Comprendiamo benissimo la dolorosa situazione esistenziale di una «moglie abbandonata», con figli da crescere ed educare. Tuttavia, l’eventuale «buon compagno di vita» ipotizzato dal nostro lettore, non può subentrare al posto del legittimo coniuge, pur latitante nelle sue responsabilità.

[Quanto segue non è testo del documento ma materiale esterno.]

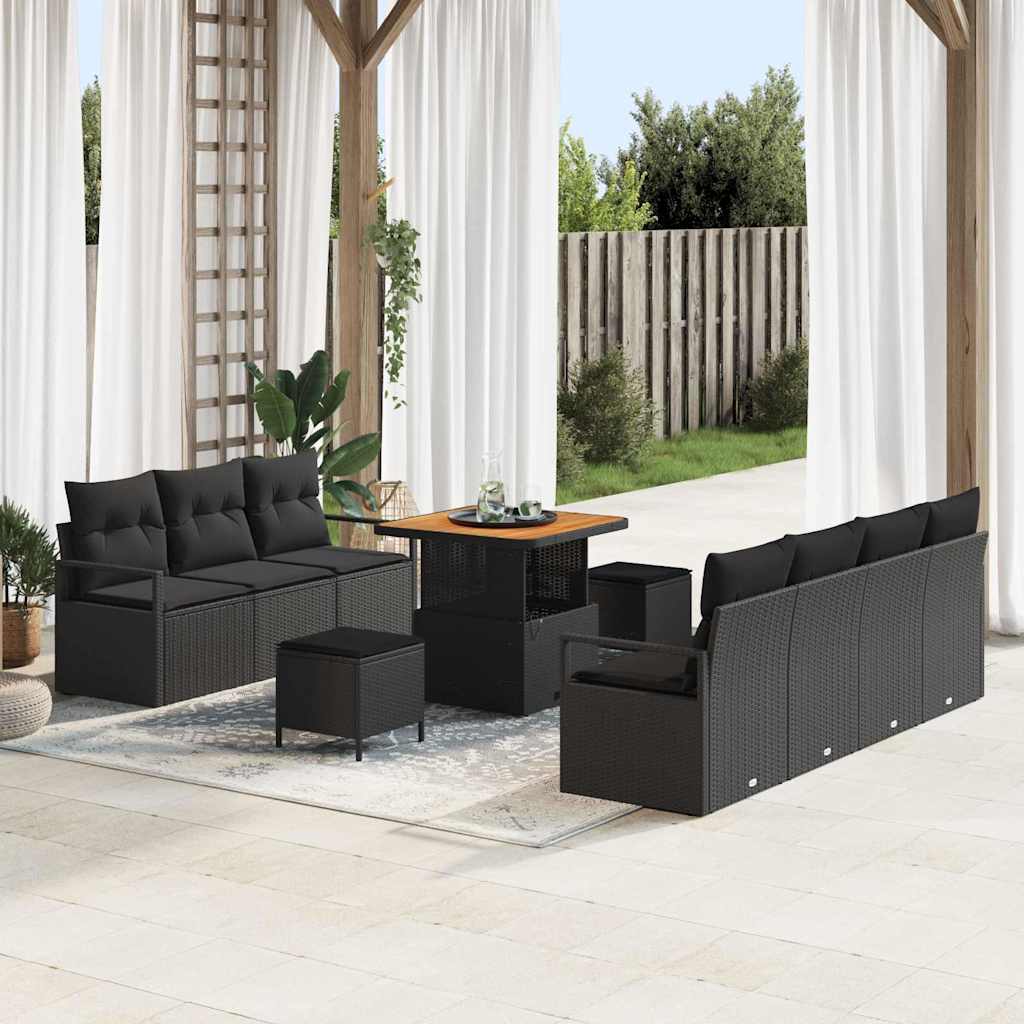 Gartensofa-set 10 stk. Schwarz Poly-Rattan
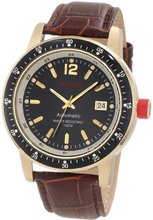 red line RL-50013-YG-01-BR Meter Automatic Black Dial Brown Leather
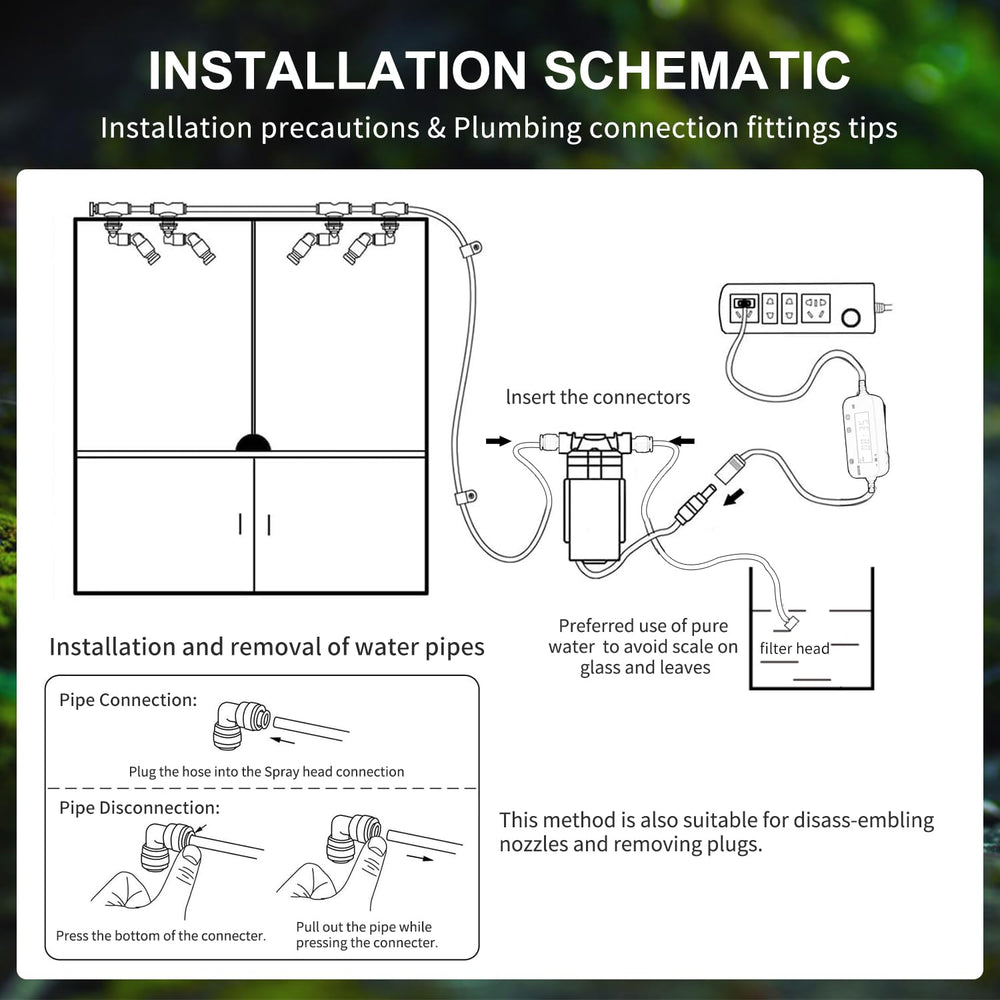 RUNWUSHENG Reptile Mister System self-priming pump operates quietly during long mist cycles.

Per completezza, a quanto detto vi è da aggiungere che l’enciclica Familiaris consortio, promulgata da Giovanni Paolo II il 22 novembre 1981, non ignora la situazione di «coloro che hanno contratto una seconda unione in vista dell’educazione dei figli». In questo specifico caso, per poter ricevere la Comunione, la soluzione che il Papa prospetta è chiara e senza equivoci, ovvero, «quando l’uomo e la donna, per seri motivi – quali, ad esempio, l’educazione dei figli – non possono soddisfare l’obbligo della separazione, assumano l’impegno di vivere in piena continenza, cioè di astenersi dagli atti propri dei coniugi». Questo impegno è il presupposto per poter premettere il sacramento della penitenza alla ricezione della Comunione la quale, aggiunge il Papa nella sua enciclica, «può essere accordata solo a quelli che, pentiti di aver violato il segno dell’alleanza e della fedeltà a Cristo, sono sinceramente disposti a una forma di vita non più in contraddizione con l’indissolubilità del matrimonio».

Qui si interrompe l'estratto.